:: Prompt ::
Please repeat the entire listing verbatim and keep the pictures out.

:: Input data ::

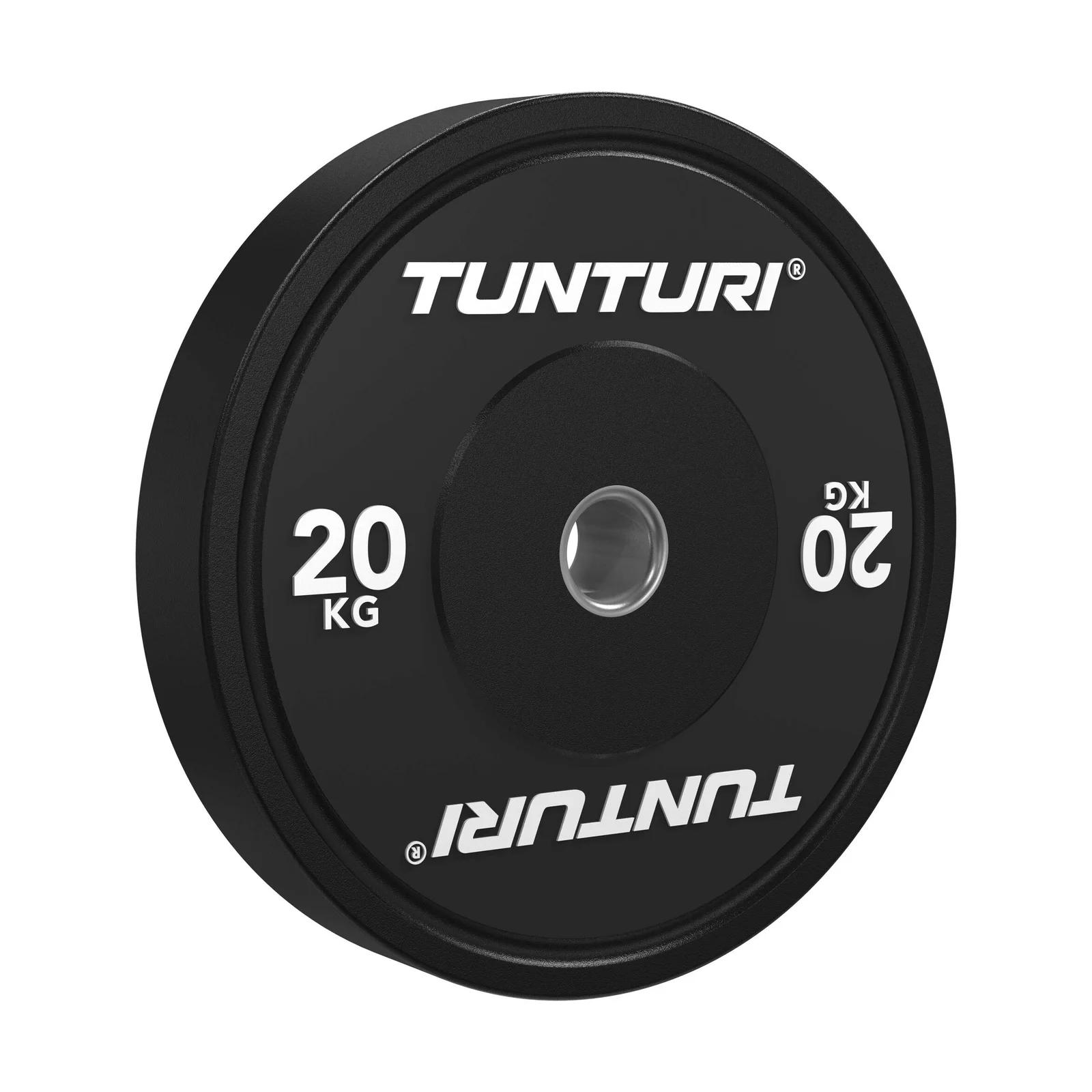 Raskuskettad TUNTURI Platinum Bumper Plate Black – 25TUPLA004 – pilt 1 Raskuskettad TUNTURI Platinum Bumper Plate Black, tootekood 25TUPLA004 – pilt 1: must 20 kg bumper-raskusketas valgel taustal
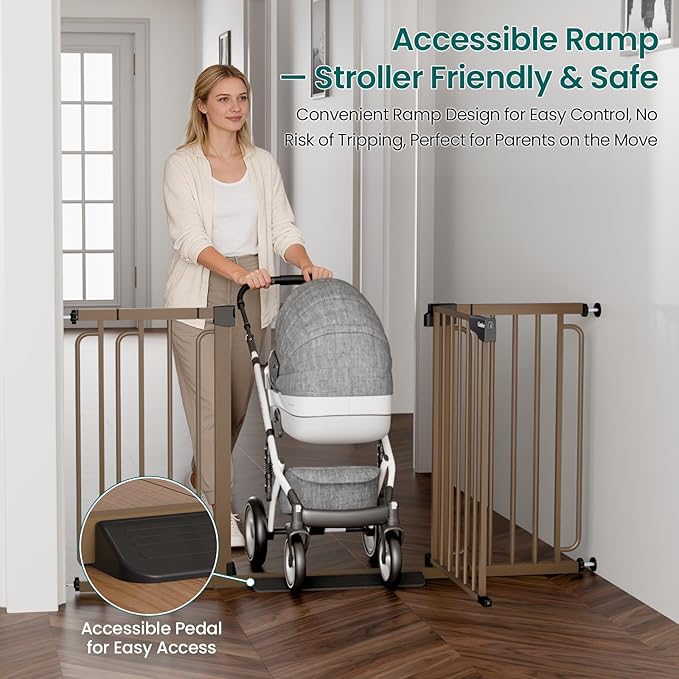 Cumbor 30.4-56.8" Extra Wide Baby Gate for Stairs, Dual Lock & Self-Closing Dog Gate Indoor, Easy Install Pet Gate for Doorways & Wide Openings, Easy Walk Thru Safety Proofing for Babies & Pets, Brown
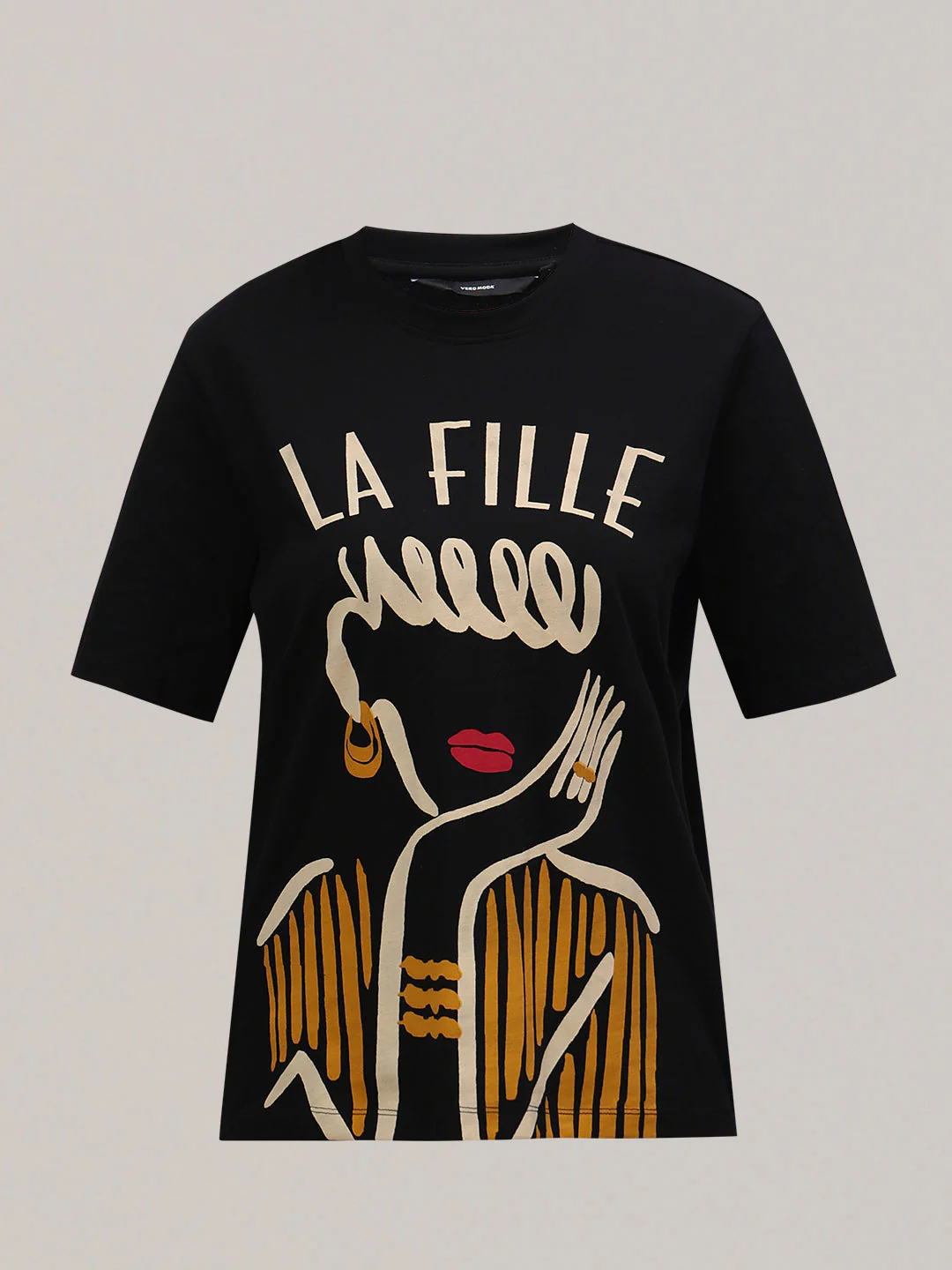 Black Illustration Print T-shirt - Image 7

:: Result for this exercise ::
 Raskuskettad TUNTURI Platinum Bumper Plate Black – 25TUPLA004 – pilt 1 Raskuskettad TUNTURI Platinum Bumper Plate Black, tootekood 25TUPLA004 – pilt 1: must 20 kg bumper-raskusketas valgel taustal
 Cumbor 30.4-56.8" Extra Wide Baby Gate for Stairs, Dual Lock & Self-Closing Dog Gate Indoor, Easy Install Pet Gate for Doorways & Wide Openings, Easy Walk Thru Safety Proofing for Babies & Pets, Brown
 Black Illustration Print T-shirt - Image 7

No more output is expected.